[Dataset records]
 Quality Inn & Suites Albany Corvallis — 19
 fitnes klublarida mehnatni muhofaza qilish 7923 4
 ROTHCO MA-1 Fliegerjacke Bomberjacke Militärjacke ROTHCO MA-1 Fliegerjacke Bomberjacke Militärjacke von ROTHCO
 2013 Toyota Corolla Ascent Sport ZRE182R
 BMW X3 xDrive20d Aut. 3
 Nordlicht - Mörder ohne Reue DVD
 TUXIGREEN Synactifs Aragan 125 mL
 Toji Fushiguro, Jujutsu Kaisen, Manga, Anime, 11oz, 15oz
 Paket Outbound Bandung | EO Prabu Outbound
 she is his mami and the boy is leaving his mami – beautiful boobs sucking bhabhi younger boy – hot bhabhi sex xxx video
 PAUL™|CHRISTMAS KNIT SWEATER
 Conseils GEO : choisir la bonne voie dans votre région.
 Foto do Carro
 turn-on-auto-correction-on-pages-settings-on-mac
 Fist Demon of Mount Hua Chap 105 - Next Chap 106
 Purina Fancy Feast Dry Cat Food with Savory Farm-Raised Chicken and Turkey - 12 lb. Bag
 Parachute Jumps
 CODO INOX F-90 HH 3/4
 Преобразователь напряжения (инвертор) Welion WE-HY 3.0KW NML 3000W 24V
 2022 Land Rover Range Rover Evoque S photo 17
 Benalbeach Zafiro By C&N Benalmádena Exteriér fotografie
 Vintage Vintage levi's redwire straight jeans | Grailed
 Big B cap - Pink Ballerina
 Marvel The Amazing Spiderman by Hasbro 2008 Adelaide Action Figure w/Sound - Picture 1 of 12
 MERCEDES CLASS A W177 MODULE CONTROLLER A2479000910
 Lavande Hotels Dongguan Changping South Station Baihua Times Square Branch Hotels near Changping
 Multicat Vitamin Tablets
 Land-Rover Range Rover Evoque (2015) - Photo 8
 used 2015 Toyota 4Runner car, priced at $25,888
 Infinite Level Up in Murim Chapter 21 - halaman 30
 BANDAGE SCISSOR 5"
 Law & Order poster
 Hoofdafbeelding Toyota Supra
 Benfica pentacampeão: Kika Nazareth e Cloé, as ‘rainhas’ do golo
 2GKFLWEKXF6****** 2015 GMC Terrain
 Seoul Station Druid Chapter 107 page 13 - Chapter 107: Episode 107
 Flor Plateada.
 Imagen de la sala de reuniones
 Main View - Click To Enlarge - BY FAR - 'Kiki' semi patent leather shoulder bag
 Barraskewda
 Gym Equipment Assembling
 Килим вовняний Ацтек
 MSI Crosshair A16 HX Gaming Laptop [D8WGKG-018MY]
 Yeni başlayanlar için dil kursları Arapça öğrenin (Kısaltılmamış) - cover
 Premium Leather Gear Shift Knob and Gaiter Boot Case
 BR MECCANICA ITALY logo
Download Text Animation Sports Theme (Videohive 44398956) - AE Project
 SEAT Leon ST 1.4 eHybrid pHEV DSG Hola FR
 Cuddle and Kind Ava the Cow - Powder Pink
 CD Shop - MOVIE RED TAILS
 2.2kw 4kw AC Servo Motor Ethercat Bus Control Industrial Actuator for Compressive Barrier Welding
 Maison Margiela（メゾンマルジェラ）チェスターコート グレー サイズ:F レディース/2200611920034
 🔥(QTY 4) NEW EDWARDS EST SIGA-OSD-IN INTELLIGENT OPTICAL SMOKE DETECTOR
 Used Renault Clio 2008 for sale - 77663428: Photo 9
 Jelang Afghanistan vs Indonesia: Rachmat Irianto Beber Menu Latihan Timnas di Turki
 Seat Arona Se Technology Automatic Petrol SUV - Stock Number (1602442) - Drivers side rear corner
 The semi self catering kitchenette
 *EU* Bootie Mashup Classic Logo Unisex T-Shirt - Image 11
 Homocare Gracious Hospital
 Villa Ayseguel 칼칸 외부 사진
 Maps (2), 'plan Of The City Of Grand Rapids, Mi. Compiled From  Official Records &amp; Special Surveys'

- _Your instructions_
Repeat exactly the lines above from the one with "Seoul Station Druid" up to and including the one with "Yeni başlayanlar için". No other line belongs in the reply.

- _Solution to this problem_
 Seoul Station Druid Chapter 107 page 13 - Chapter 107: Episode 107
 Flor Plateada.
 Imagen de la sala de reuniones
 Main View - Click To Enlarge - BY FAR - 'Kiki' semi patent leather shoulder bag
 Barraskewda
 Gym Equipment Assembling
 Килим вовняний Ацтек
 MSI Crosshair A16 HX Gaming Laptop [D8WGKG-018MY]
 Yeni başlayanlar için dil kursları Arapça öğrenin (Kısaltılmamış) - cover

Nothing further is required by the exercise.